# DATA RECORDS
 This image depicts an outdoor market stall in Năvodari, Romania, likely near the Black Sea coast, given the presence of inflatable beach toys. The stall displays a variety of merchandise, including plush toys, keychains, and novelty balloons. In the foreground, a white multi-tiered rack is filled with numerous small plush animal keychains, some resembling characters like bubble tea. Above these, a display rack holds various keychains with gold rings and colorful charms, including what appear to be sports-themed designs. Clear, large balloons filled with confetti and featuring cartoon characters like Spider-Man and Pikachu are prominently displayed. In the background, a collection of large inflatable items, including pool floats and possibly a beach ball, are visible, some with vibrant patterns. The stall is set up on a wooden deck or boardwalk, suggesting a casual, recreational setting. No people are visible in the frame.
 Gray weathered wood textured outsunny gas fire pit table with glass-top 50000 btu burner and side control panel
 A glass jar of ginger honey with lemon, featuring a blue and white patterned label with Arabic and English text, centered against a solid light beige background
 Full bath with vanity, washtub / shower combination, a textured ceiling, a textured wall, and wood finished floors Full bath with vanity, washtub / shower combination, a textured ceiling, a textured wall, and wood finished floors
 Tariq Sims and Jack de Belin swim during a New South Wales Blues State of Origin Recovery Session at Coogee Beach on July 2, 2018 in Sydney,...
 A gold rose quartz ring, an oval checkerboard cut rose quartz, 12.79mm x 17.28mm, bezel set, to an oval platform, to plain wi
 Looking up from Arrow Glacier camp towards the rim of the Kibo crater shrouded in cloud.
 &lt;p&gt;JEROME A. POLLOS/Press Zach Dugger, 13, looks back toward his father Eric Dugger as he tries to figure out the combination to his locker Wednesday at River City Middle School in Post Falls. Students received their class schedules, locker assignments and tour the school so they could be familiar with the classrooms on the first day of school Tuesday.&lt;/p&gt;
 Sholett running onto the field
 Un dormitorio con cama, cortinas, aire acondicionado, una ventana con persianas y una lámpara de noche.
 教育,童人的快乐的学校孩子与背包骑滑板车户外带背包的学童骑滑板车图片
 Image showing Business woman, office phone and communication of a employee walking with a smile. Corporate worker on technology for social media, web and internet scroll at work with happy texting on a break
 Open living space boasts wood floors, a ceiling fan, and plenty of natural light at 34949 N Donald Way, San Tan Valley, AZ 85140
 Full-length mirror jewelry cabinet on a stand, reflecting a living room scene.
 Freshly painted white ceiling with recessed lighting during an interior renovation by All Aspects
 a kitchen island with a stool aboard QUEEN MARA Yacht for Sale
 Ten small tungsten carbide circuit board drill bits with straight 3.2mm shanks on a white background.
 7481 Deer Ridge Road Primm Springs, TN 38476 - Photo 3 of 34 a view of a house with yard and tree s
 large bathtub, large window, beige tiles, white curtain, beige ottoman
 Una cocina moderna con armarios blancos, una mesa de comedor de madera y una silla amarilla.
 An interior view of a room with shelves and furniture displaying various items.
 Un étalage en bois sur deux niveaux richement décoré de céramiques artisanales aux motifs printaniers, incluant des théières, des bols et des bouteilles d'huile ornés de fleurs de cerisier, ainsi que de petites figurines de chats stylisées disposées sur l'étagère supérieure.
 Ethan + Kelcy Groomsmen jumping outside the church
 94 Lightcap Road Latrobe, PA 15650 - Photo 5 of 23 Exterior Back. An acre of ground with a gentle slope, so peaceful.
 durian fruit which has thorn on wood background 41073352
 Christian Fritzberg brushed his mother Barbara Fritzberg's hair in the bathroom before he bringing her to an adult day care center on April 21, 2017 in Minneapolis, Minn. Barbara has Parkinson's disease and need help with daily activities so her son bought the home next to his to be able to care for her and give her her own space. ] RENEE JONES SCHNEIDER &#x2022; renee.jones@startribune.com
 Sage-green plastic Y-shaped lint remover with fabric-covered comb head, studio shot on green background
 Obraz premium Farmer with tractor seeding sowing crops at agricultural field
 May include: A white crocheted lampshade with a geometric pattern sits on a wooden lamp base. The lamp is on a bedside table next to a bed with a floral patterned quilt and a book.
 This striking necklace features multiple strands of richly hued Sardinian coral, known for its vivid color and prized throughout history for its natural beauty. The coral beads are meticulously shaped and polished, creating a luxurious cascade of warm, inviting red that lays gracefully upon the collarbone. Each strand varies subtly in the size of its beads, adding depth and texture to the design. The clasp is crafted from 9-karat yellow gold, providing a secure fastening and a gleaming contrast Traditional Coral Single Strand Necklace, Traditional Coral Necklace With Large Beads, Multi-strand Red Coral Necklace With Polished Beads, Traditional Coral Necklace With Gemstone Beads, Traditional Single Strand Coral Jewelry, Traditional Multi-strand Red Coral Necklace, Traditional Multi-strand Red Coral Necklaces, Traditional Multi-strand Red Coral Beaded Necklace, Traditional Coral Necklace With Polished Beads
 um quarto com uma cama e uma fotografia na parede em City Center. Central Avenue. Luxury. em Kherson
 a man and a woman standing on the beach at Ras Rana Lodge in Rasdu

# WHAT TO PRODUCE
Send back all of the entries exactly, with nothing missing.

# RESULT OF THIS TASK
 This image depicts an outdoor market stall in Năvodari, Romania, likely near the Black Sea coast, given the presence of inflatable beach toys. The stall displays a variety of merchandise, including plush toys, keychains, and novelty balloons. In the foreground, a white multi-tiered rack is filled with numerous small plush animal keychains, some resembling characters like bubble tea. Above these, a display rack holds various keychains with gold rings and colorful charms, including what appear to be sports-themed designs. Clear, large balloons filled with confetti and featuring cartoon characters like Spider-Man and Pikachu are prominently displayed. In the background, a collection of large inflatable items, including pool floats and possibly a beach ball, are visible, some with vibrant patterns. The stall is set up on a wooden deck or boardwalk, suggesting a casual, recreational setting. No people are visible in the frame.
 Gray weathered wood textured outsunny gas fire pit table with glass-top 50000 btu burner and side control panel
 A glass jar of ginger honey with lemon, featuring a blue and white patterned label with Arabic and English text, centered against a solid light beige background
 Full bath with vanity, washtub / shower combination, a textured ceiling, a textured wall, and wood finished floors Full bath with vanity, washtub / shower combination, a textured ceiling, a textured wall, and wood finished floors
 Tariq Sims and Jack de Belin swim during a New South Wales Blues State of Origin Recovery Session at Coogee Beach on July 2, 2018 in Sydney,...
 A gold rose quartz ring, an oval checkerboard cut rose quartz, 12.79mm x 17.28mm, bezel set, to an oval platform, to plain wi
 Looking up from Arrow Glacier camp towards the rim of the Kibo crater shrouded in cloud.
 &lt;p&gt;JEROME A. POLLOS/Press Zach Dugger, 13, looks back toward his father Eric Dugger as he tries to figure out the combination to his locker Wednesday at River City Middle School in Post Falls. Students received their class schedules, locker assignments and tour the school so they could be familiar with the classrooms on the first day of school Tuesday.&lt;/p&gt;
 Sholett running onto the field
 Un dormitorio con cama, cortinas, aire acondicionado, una ventana con persianas y una lámpara de noche.
 教育,童人的快乐的学校孩子与背包骑滑板车户外带背包的学童骑滑板车图片
 Image showing Business woman, office phone and communication of a employee walking with a smile. Corporate worker on technology for social media, web and internet scroll at work with happy texting on a break
 Open living space boasts wood floors, a ceiling fan, and plenty of natural light at 34949 N Donald Way, San Tan Valley, AZ 85140
 Full-length mirror jewelry cabinet on a stand, reflecting a living room scene.
 Freshly painted white ceiling with recessed lighting during an interior renovation by All Aspects
 a kitchen island with a stool aboard QUEEN MARA Yacht for Sale
 Ten small tungsten carbide circuit board drill bits with straight 3.2mm shanks on a white background.
 7481 Deer Ridge Road Primm Springs, TN 38476 - Photo 3 of 34 a view of a house with yard and tree s
 large bathtub, large window, beige tiles, white curtain, beige ottoman
 Una cocina moderna con armarios blancos, una mesa de comedor de madera y una silla amarilla.
 An interior view of a room with shelves and furniture displaying various items.
 Un étalage en bois sur deux niveaux richement décoré de céramiques artisanales aux motifs printaniers, incluant des théières, des bols et des bouteilles d'huile ornés de fleurs de cerisier, ainsi que de petites figurines de chats stylisées disposées sur l'étagère supérieure.
 Ethan + Kelcy Groomsmen jumping outside the church
 94 Lightcap Road Latrobe, PA 15650 - Photo 5 of 23 Exterior Back. An acre of ground with a gentle slope, so peaceful.
 durian fruit which has thorn on wood background 41073352
 Christian Fritzberg brushed his mother Barbara Fritzberg's hair in the bathroom before he bringing her to an adult day care center on April 21, 2017 in Minneapolis, Minn. Barbara has Parkinson's disease and need help with daily activities so her son bought the home next to his to be able to care for her and give her her own space. ] RENEE JONES SCHNEIDER &#x2022; renee.jones@startribune.com
 Sage-green plastic Y-shaped lint remover with fabric-covered comb head, studio shot on green background
 Obraz premium Farmer with tractor seeding sowing crops at agricultural field
 May include: A white crocheted lampshade with a geometric pattern sits on a wooden lamp base. The lamp is on a bedside table next to a bed with a floral patterned quilt and a book.
 This striking necklace features multiple strands of richly hued Sardinian coral, known for its vivid color and prized throughout history for its natural beauty. The coral beads are meticulously shaped and polished, creating a luxurious cascade of warm, inviting red that lays gracefully upon the collarbone. Each strand varies subtly in the size of its beads, adding depth and texture to the design. The clasp is crafted from 9-karat yellow gold, providing a secure fastening and a gleaming contrast Traditional Coral Single Strand Necklace, Traditional Coral Necklace With Large Beads, Multi-strand Red Coral Necklace With Polished Beads, Traditional Coral Necklace With Gemstone Beads, Traditional Single Strand Coral Jewelry, Traditional Multi-strand Red Coral Necklace, Traditional Multi-strand Red Coral Necklaces, Traditional Multi-strand Red Coral Beaded Necklace, Traditional Coral Necklace With Polished Beads
 um quarto com uma cama e uma fotografia na parede em City Center. Central Avenue. Luxury. em Kherson
 a man and a woman standing on the beach at Ras Rana Lodge in Rasdu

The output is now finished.